The engines are molded as one piece with integral push rods. Probably adequate as the cowls are pretty tight fitting. Probably the biggest short coming of the kit is the propeller blades which are too narrow in cord as a result of Revell using a restored Canadian aircraft as their pattern for the kit. Fortunately the after market folks have come to the rescue and these will be discussed later.The turret interior is pretty simple and would probably benefit from some additional detail. The gun barrels aren't bad but are not hollow ended and would look better replaced with metal barrels. A set of under wing fuel tanks is supplied, if you don't want to use them you will need to fill the slots and recesses in the bottoms of the wings. The main gear are nicely molded with very petite integral brake lines. The main wheels are not weighted and feature a diamond tread. All of the parts are nicely molded and I could only find a small amount of flash. Mold parting lines are tolerably light. The box states that the kit contains 143 parts in gray and there are 15 clear parts. Sprue photos are below
The clear parts are not as thin and clear as I would like to see but will probably look OK with a dip in Future. My canopy has what appears to be a molding defect that appears like a scratch but seems to be internal, like a hair or something got molded in. I hope a Future dip will make it less noticeable, The turret part was on a separate sprue, another hint of other variants to come but because it was loose with the other parts it did show some scuffing that will need to be buffed out. Other than the main glazing two landing lights and a piece with three formation lights are included. See below.
The decals seem to vary a bit depending on whether you got the Revell release from the US or the Revell of Germany release. My kit was from the US release and contains markings for three aircraft, one with the octopus. Apparently the set from the Germany release had a color and shape error with the octopus and a correction sheet was included. I did not plan on building the version using the octopus and when someone on a forum asked for them I willingly sent them. Unfortunately I did not scan the sheet before removing the octopus so the scan below has a big hole where the octopus was. The balance of the decals appear thin, are in register and have a glossy finish. Instrument decals are provided for the instrument panel and fuel filler markings and propeller logos are supplied as well. See below.
The instructions are a stapled booklet 8 1/2" x 11" in size. The front page has the aircraft history in English and basic assembly information and customer service information in three languages. Page 2 has a color chart in three languages keying letters shown in the instructions to generic paint color names, decal instructions and an icon chart. Pages 3 and 4 are a complete parts list, I assume for ordering replacement parts. I have not seen anything like this in any other kits. Pages 5 through 13 are the assembly steps broken down into 18 steps. Pages 14 through 16 are the painting and marking instructions for the three aircraft provided on the decal sheet.
After Market Goodies
OK, I went a little nuts on the after market stuff here but most of it was justified in my opinion. First up is Vector's corrected propellers and crankcase set. The aircraft Revell used as a reference for their kit was a restored Canadian aircraft and it was fitted with narrow cord propellers that were much different than the paddle blade props used on most US aircraft. This set takes care of that problem and a bit more. The parts are nicely molded with just a hint of flash and no visible surface defects. The blades are keyed to get the correct pitch. The jury is still out on replacing the crank cases. The magnetos on the kit engines appear over sized and the crankcase is missing the ignition loom but cutting off the crankcase and removing the excess of the magnetos looks like quite a chore. It may prove to be easier to just add the prop governor and other detail to the kit crankcase. Vector number for the set is VDS48-055. See below.

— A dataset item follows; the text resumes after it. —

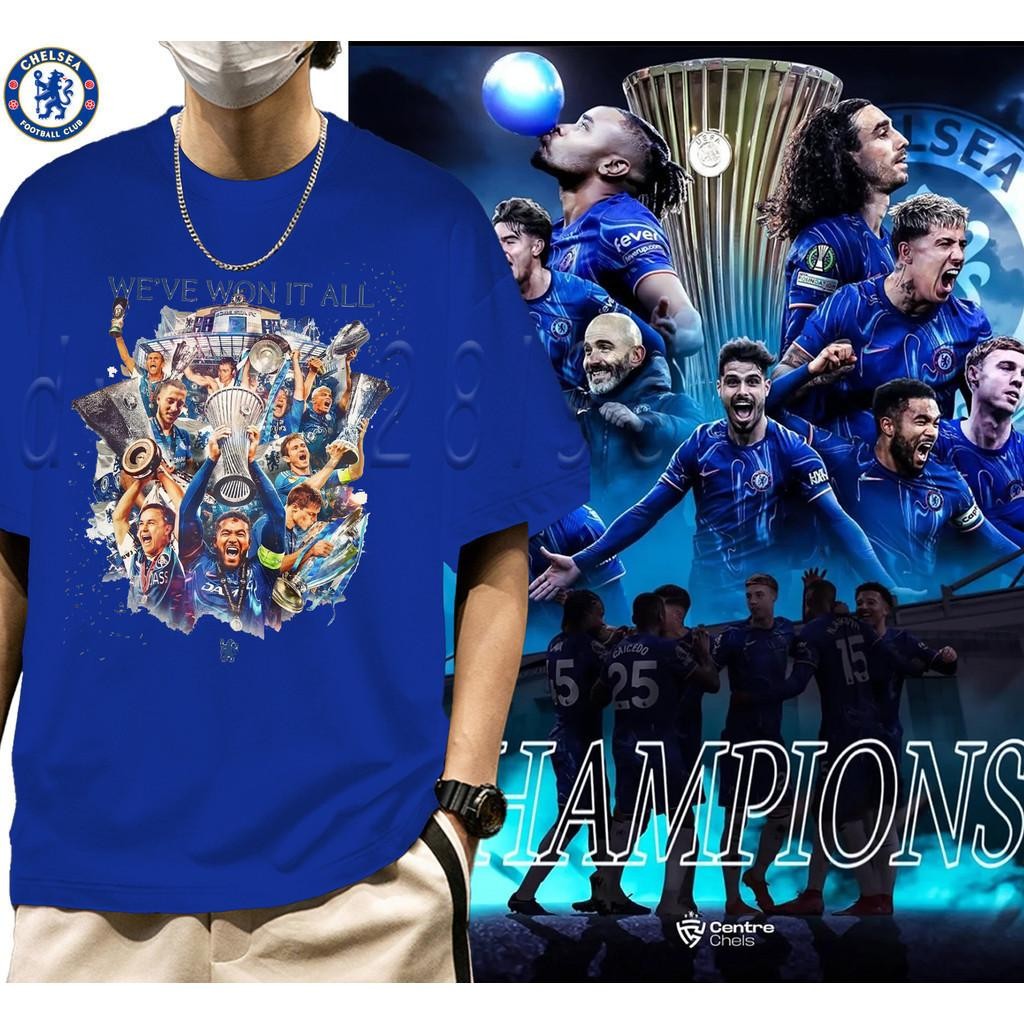 เสื้อยืดแฟนบอล Chelsea Champion Europa League 2025 รุ่นที่ระลึก ยุโรปแกรนด์สแลม ใส่เชียร์ได้ชายหญิง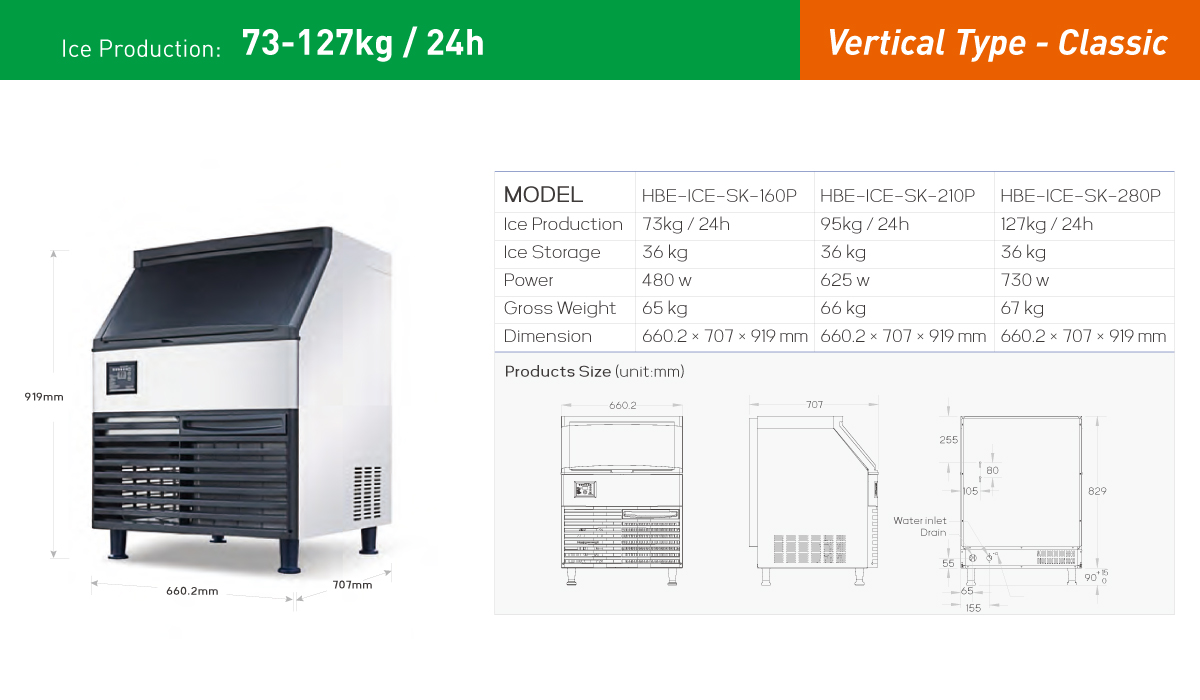 73127 KG/24H Cube Freestanding Air Cooled Commercial Ice Maker Machine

While I was at it I also got Vector's corrected cowling set. The set simplifys the forward cowling but replacing three parts with one and then provides open cowl flaps. It does require cutting off some of the kit parts on panel lines but should provide a really nice look when complete as the cowl flaps include actuators . The castings should be relatively easy to clean up and the only defect I found was the one small air bubble on the front of the one cowling. The Vector part number for the set is VDS48-056. See below.
Next, being the lazy person I am I purchased Lone Star's closed bomb bay doors. The kit doors are in four pieces and designed to be mounted in the open position and can be quite fiddly to fit together and into the fuselage if you want them closed. While I was at it I also got their replacement wheels which have nicer tread detail than the kit parts, plus they are one piece with no seam to deal with. Once the mold spur is filed off it will give the tire a bit of weighted appearance. There were no surface defects to be found and the casting block should be easily removed. These are some of the nicest parts I have seen from Lone Star.
Since I was planning on making this the night fighter version I decided to get Owl's conversion kit. I had originally just planned to use the parts from the FM kit but I was informed they didn't fit well. I may end up using some of it anyway. The Owl set comes in a small end flap open box and the parts inside are in zip lock bags.
There are ten small resin parts, six gun barrels, and two flame dampening exhausts made up of a forward piece with an air intake and a rear piece. The parts are cleanly molded with a hint of flash. No surface defects were found. The gun barrels are OK but I think I may replace them with metal barrels.
The other part of the set is a complete new nose section to replace the kit nose. This is solid resin and very nicely molded with no surface defects found. The only complaint I have is that the panel lines are a lot finer than the rest of the kit. Resin can be difficult to scribe so it will remain to be seen if that is an option to make it look like less of an add on piece.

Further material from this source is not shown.